Task to complete:
Check each line below for the word "Black". Then give only how many lines have it.

☆ ☆ ☆

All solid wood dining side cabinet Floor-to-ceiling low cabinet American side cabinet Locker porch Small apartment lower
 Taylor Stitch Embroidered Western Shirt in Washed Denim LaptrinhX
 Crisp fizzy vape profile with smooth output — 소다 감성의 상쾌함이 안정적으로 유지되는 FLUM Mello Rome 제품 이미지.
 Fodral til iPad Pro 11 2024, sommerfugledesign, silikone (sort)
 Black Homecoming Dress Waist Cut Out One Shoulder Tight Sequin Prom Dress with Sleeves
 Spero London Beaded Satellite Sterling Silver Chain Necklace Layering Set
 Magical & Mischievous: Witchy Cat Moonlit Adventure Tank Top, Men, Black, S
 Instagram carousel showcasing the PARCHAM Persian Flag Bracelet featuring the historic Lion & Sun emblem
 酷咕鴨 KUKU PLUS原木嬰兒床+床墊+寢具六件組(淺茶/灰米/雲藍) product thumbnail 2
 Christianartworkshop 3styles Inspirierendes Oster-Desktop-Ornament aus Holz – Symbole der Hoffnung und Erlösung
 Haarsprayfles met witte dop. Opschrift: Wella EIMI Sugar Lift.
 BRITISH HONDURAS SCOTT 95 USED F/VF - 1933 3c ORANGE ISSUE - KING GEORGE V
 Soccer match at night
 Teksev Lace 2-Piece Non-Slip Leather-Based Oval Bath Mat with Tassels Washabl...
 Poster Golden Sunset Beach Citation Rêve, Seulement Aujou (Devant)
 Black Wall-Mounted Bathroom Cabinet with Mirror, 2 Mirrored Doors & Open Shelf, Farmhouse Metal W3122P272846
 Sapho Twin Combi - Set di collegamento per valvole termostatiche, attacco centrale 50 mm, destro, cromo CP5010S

☆ ☆ ☆

Problem solution:
3